ECLI:NL:GHARL:2022:5111

Gerechtshof Arnhem-Leeuwarden

Datum uitspraak
14 juni 2022
Publicatiedatum
20 juni 2022
Zaaknummer
200.292.019/01
Instantie
Gerechtshof Arnhem-Leeuwarden
Type
Uitspraak
Rechtsgebied
Civiel recht; Personen- en familierecht
Procedures
  • Hoger beroep
Vindplaatsen
  • Rechtspraak.nl
AI samenvatting door LexboostAutomatisch gegenereerd

Beoordeling van de zorgregeling tussen ouders na scheiding met betrekking tot minderjarige kinderen

In deze zaak heeft het Gerechtshof Arnhem-Leeuwarden op 14 juni 2022 uitspraak gedaan in hoger beroep over de zorgregeling voor twee minderjarige kinderen, [de minderjarige1] en [de minderjarige2], geboren in 2009 en 2011. De moeder, verzoekster in hoger beroep, had de rechtbank Midden-Nederland verzocht om de hoofdverblijfplaats van de kinderen bij haar te bepalen en een voorlopige zorgregeling vast te stellen.
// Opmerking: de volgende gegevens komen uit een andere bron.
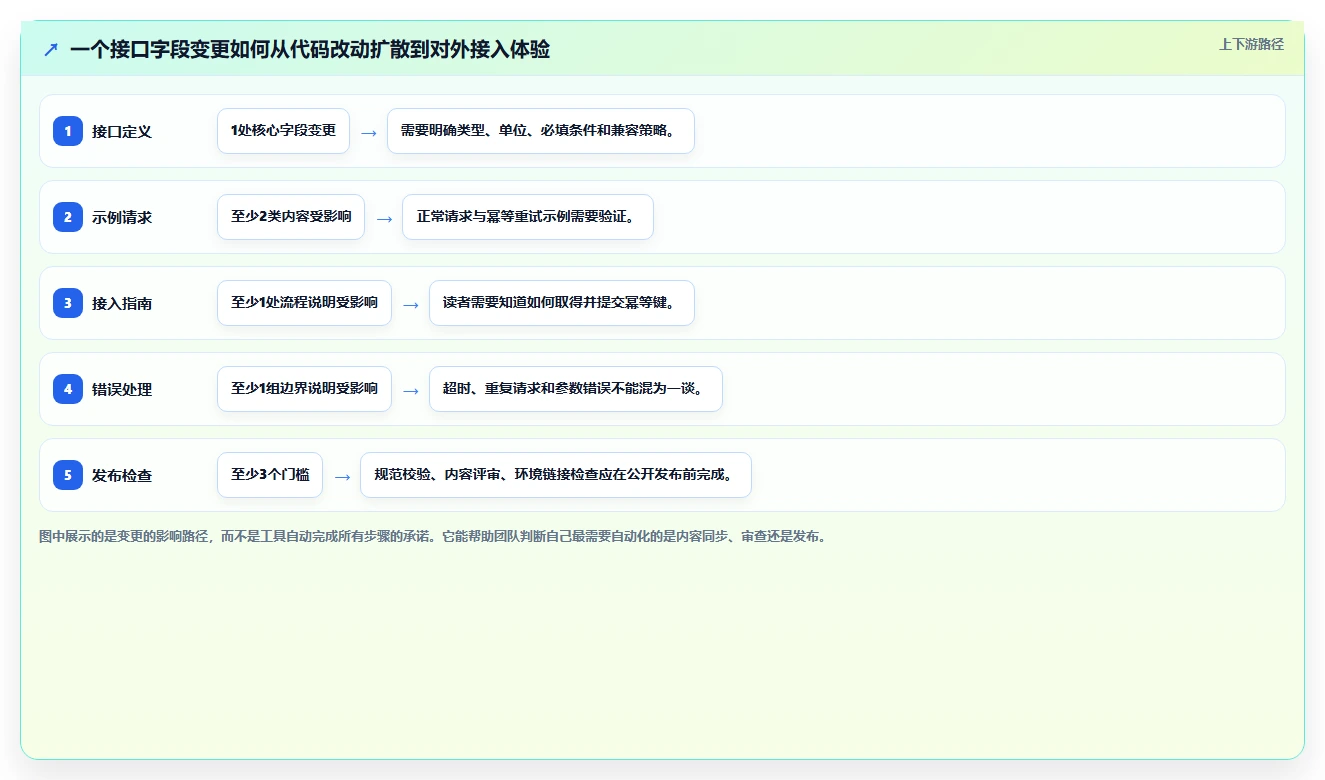 2026年效率之选:6款顶级对外接口文档管理工具深度对比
De vader, verweerder in hoger beroep, was het niet eens met deze verzoeken en vroeg om een zorgregeling die zou leiden tot co-ouderschap. De rechtbank had op 22 februari 2021 een voorlopige zorgregeling vastgesteld, waarbij de kinderen om de veertien dagen bij de vader verbleven, maar de moeder ging in hoger beroep tegen deze regeling.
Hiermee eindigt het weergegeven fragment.